TASK ITEM:
Please retype the listing below exactly as it stands, skipping any pictures.

DATA EXTRACT:
= = = = = = =

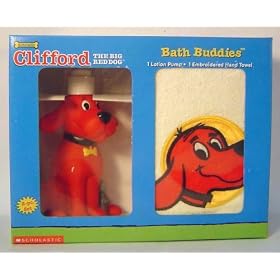 Clifford the Big Red Dog Bath Buddies - Lotion Pump & Hand Towel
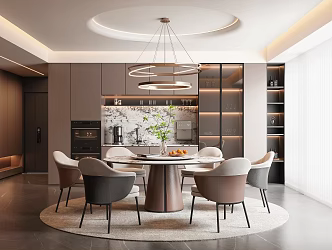 Modern Italian Light Luxury Restaurant Dining Table and Chair Combination Round Dining Table and Chair Leather Dining Table and Chair Italian Light Luxury Dining Table and Chair Italian Dining Side Cabinet Round Chandelier Dining Table Ornaments 3d model
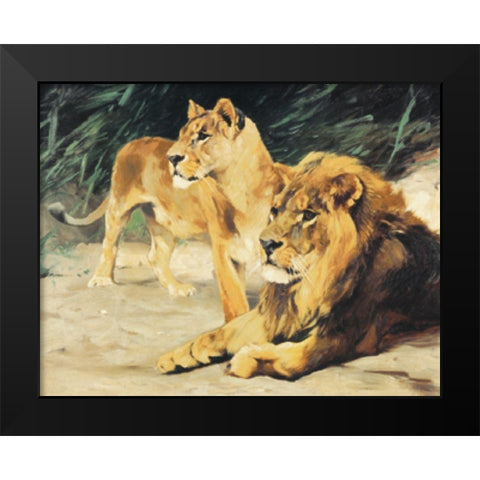 Two Lions Black Modern Wood Framed Art Print by Unknown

= = = = = = =

TASK RESULT:
 Clifford the Big Red Dog Bath Buddies - Lotion Pump & Hand Towel
 Modern Italian Light Luxury Restaurant Dining Table and Chair Combination Round Dining Table and Chair Leather Dining Table and Chair Italian Light Luxury Dining Table and Chair Italian Dining Side Cabinet Round Chandelier Dining Table Ornaments 3d model
 Two Lions Black Modern Wood Framed Art Print by Unknown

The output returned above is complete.